MATERIAL FOR THE TASK Start Marker

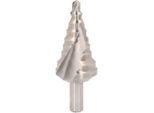 KS TOOLS Stufenbohrer 3302337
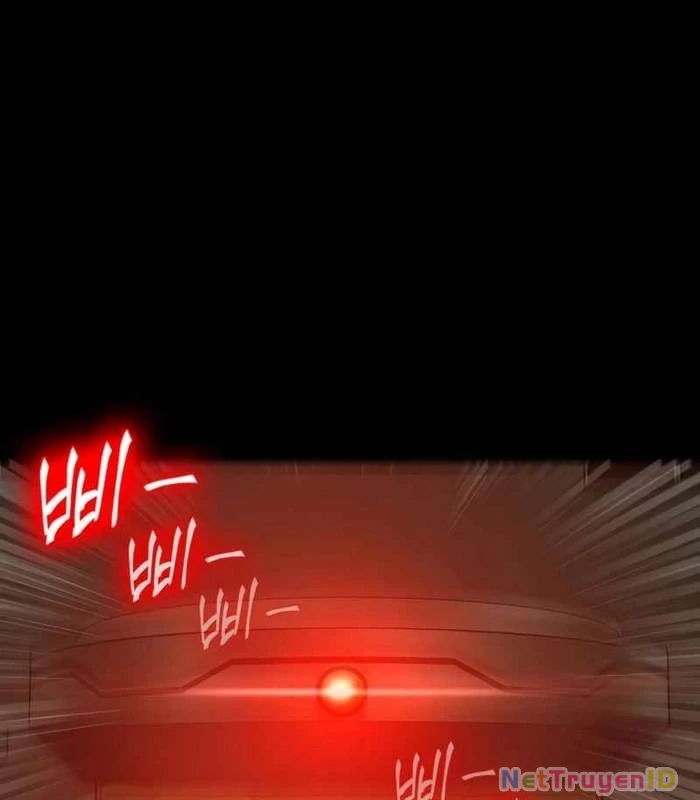 Nhật Hành Nhân Chapter 22 - 244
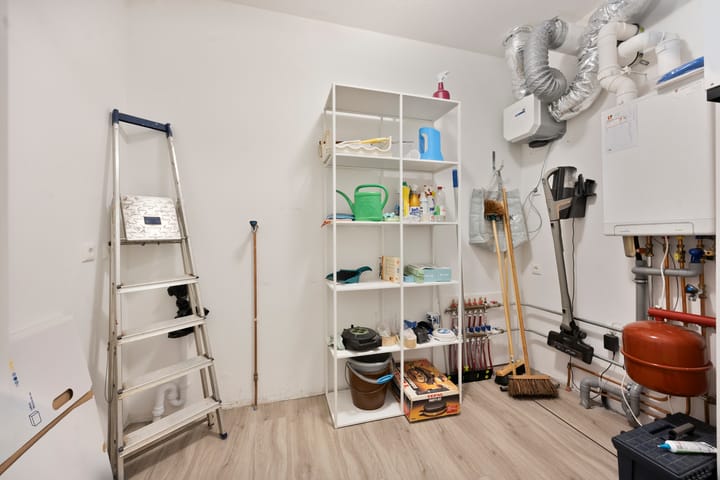 Foto 18 van Jan Doustraat 72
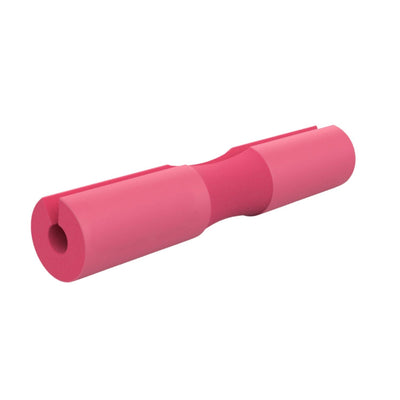 VERPEAK Barbell Squat Pad (Pink) VP-BSP-101-MD Payday Deals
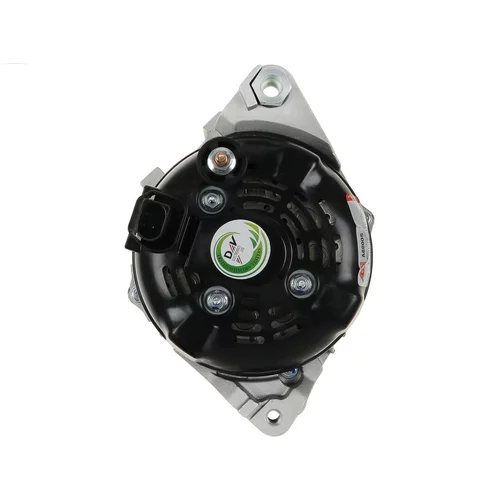 Alternátor A6800S /AS-PL/ - obr. 2
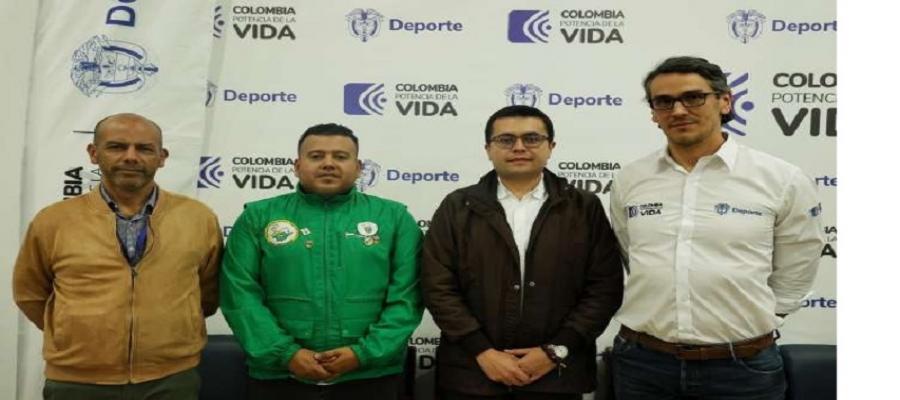 Noticias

MATERIAL FOR THE TASK End Marker

* [PROBLEM TO WORK ON]
Write the lines out again exactly, beginning at the one containing "Foto 18 van Jan Doustraat 72" and ending with the last line of the entries, but without any pictures.

* [THE COMPLETED TASK]
 Foto 18 van Jan Doustraat 72
 VERPEAK Barbell Squat Pad (Pink) VP-BSP-101-MD Payday Deals
 Alternátor A6800S /AS-PL/ - obr. 2
 Noticias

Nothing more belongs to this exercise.